→ TASK BRIEF: Copy exactly, beginning with the line holding "Cute Capybara Cartoon" and ending with the final line of the data beneath this task; copy nothing else, and leave out every picture.

→ EXTRACTED INFORMATION:
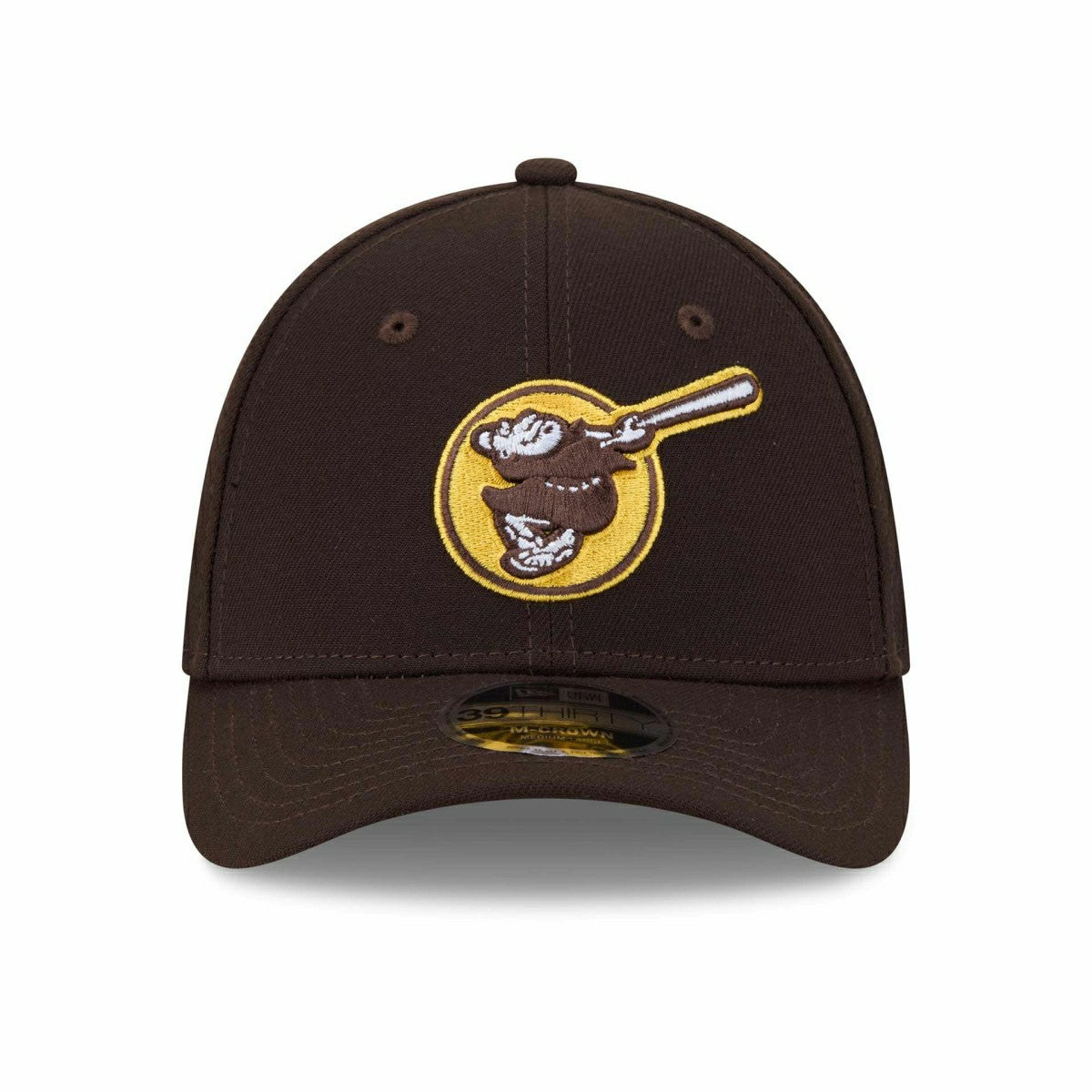 San Diego Padres MLB Alternate Team Logo 39THIRTY M-Crown Flex Cap Brown Lifestyle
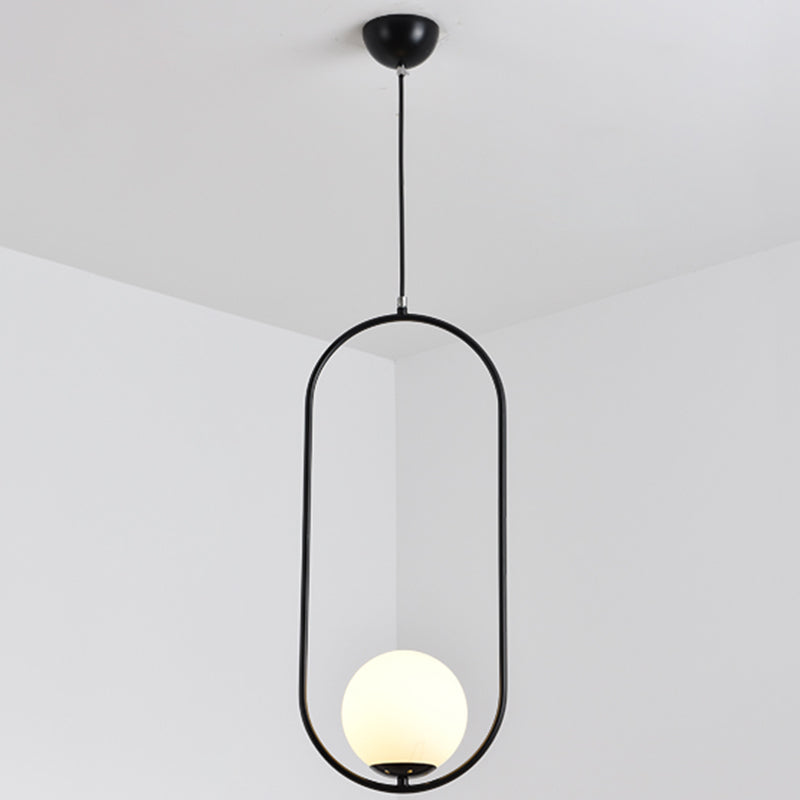 Mid-Century Design Globe Hanging Lamp White Glass Shade Pendant Light with Metal Ring Black 23.5" Clearhalo 'Ceiling Lights' 'Modern Pendants' 'Modern' 'Pendant Lights' 'Pendants' Lighting' 2588695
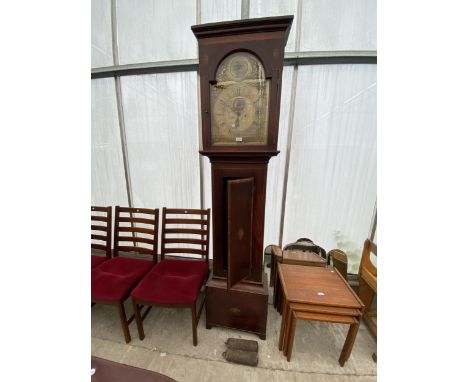 AN 18TH CENTURY MAHOGANY EIGHT-DAY LONGCASE CLOCK WITH BRASS FACE AND INLAID OVALS DEPICTING BIRDS AND FLOWERS, THOMAS LIGHTO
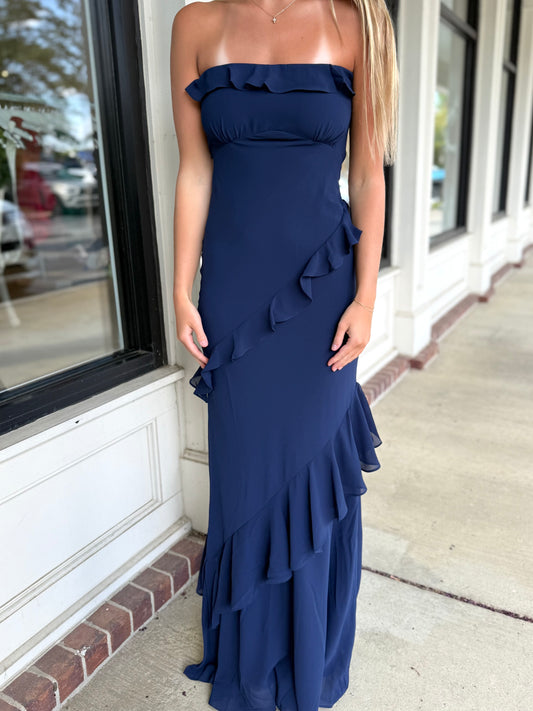 Navy Ribbon Strapless Maxi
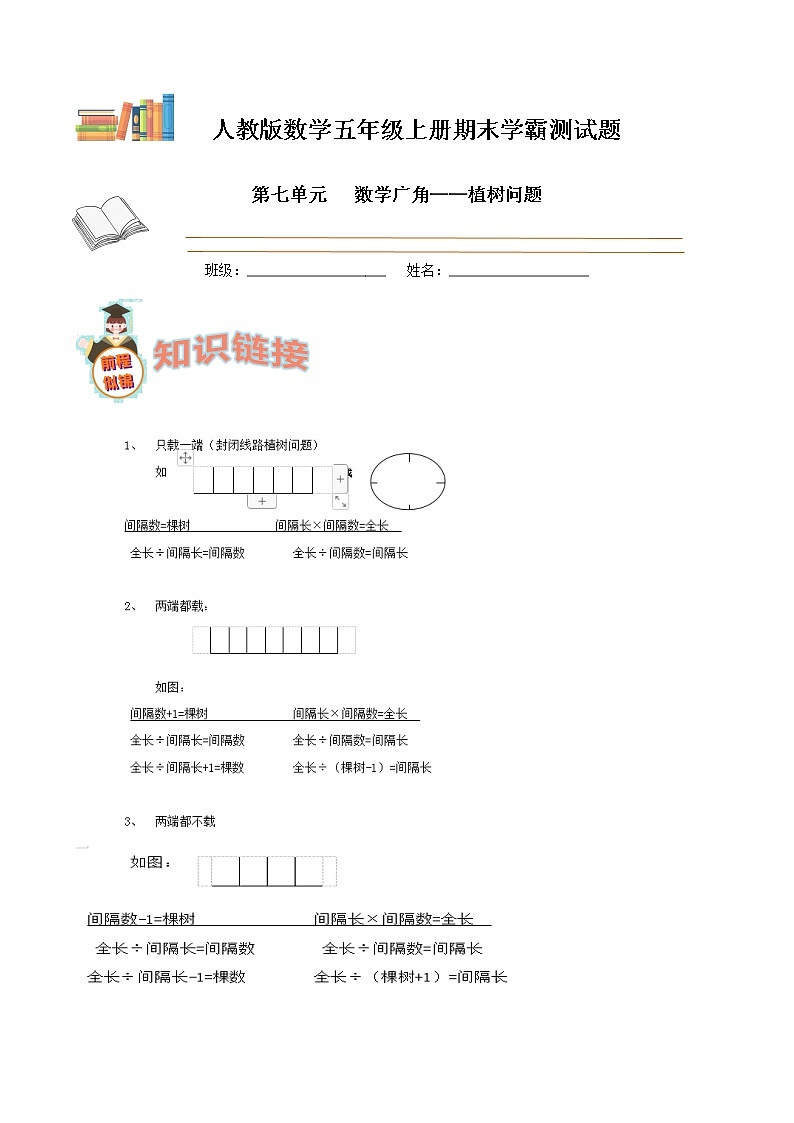 期末备考宝典：人教版数学五上第七单元数学广角——植树问题知识点+试题（原卷版+解析版）01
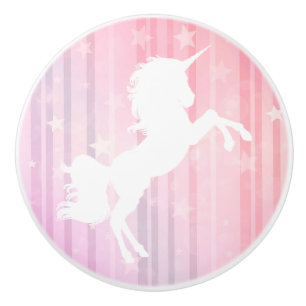 Pink and White Unicorn Stars Fairytale Knob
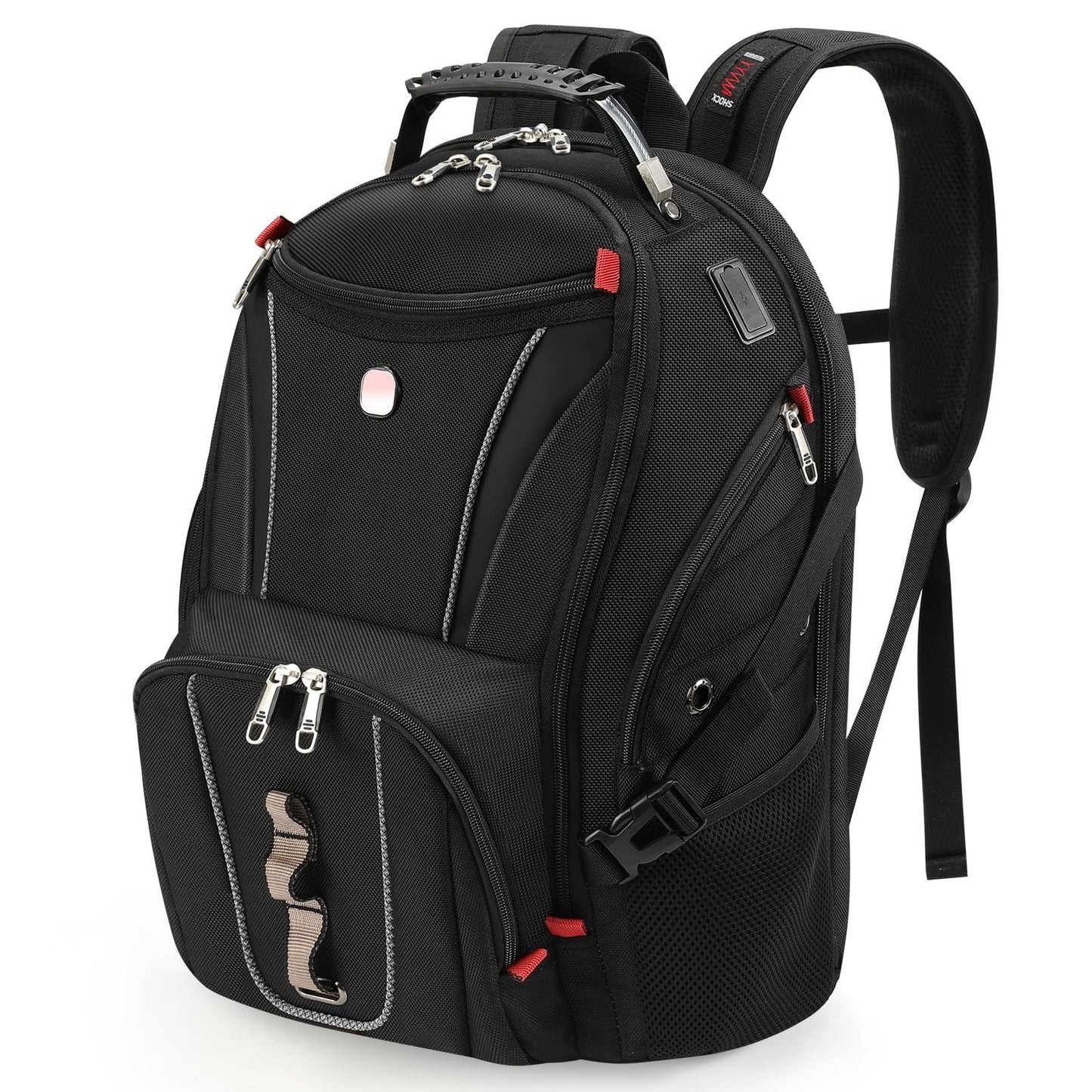 17" Travel Laptop Backpack, USB & Type C Charging, TSA Friendly, Multi Pocket Bu1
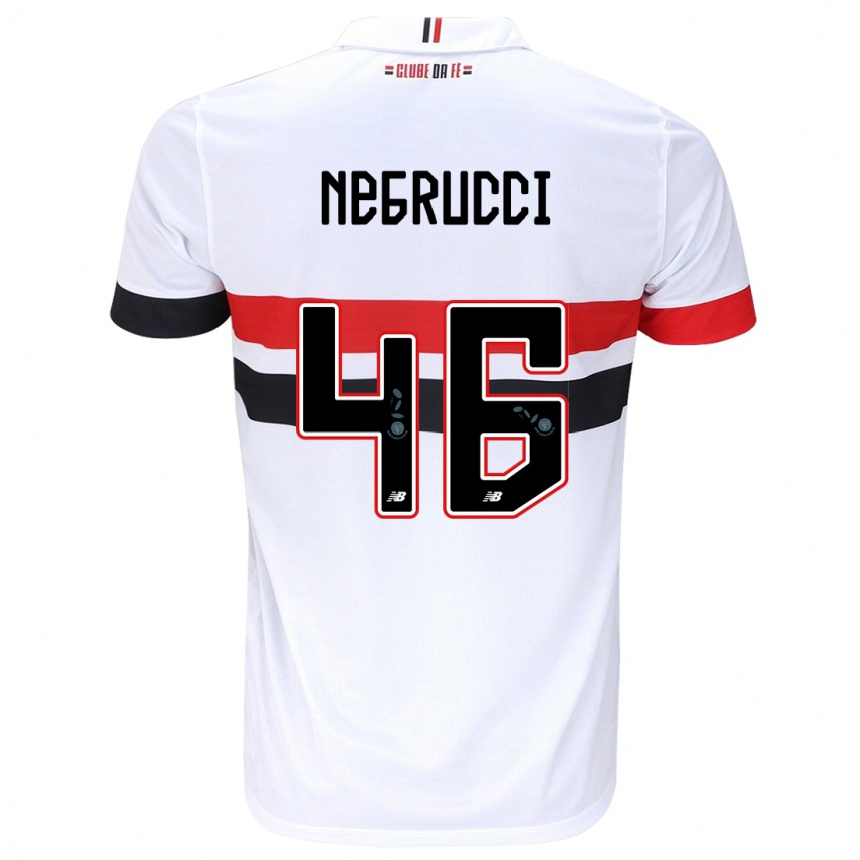 Vaikiškas Felipe Negrucci #46 Balta Raudona Juoda Namų Marškinėliai 2024/25 T-Shirt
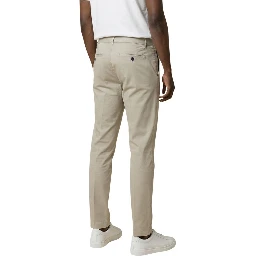Beige Cotton Skinny Pants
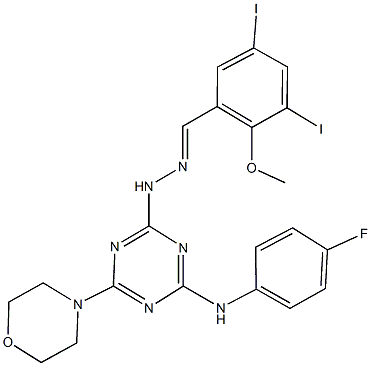 3,5-diiodo-2-methoxybenzaldehyde [4-(4-fluoroanilino)-6-(4-morpholinyl)-1,3,5-triazin-2-yl]hydrazone Struktur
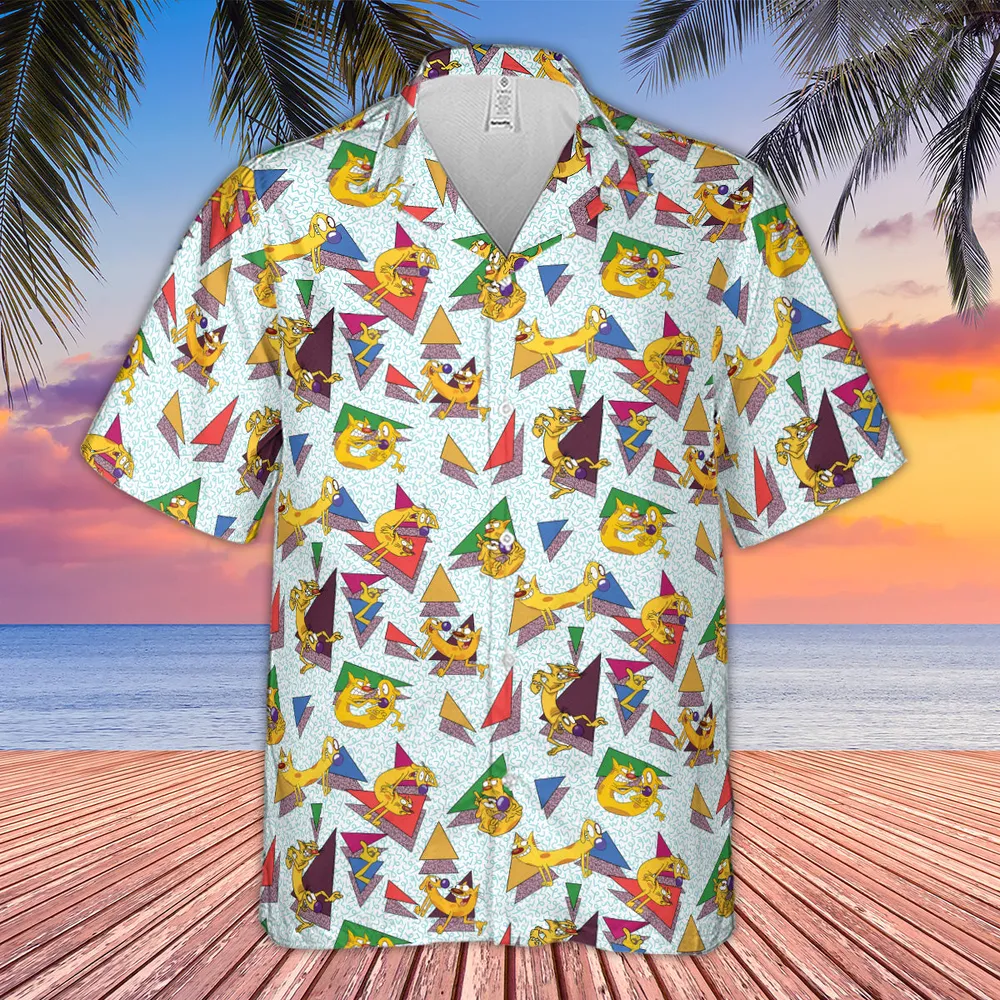 Catdog 90s Cartoon Pattern Hawaiian Shirt - 6
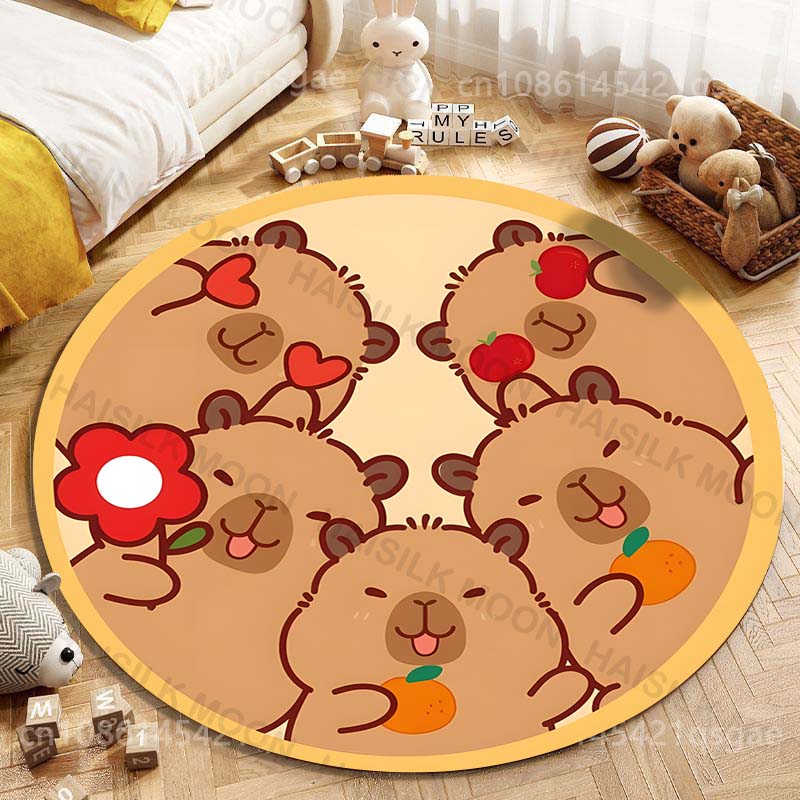 Cute Capybara Cartoon Printing - Home Textiles Rug ulasan dan harga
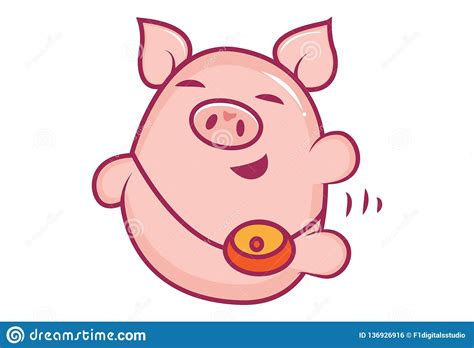 Illustration Of Cute Cartoon Pig Stock Vector
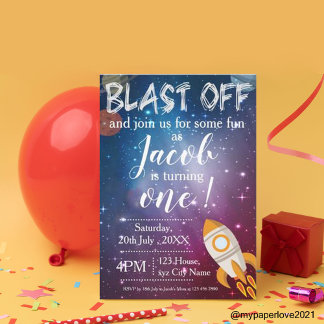 Niedlich Planet Rocket Space Galaxie Geburtstag Postkarte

→ RESULT FOR THIS TASK:
 Cute Capybara Cartoon Printing - Home Textiles Rug ulasan dan harga
 Illustration Of Cute Cartoon Pig Stock Vector
 Niedlich Planet Rocket Space Galaxie Geburtstag Postkarte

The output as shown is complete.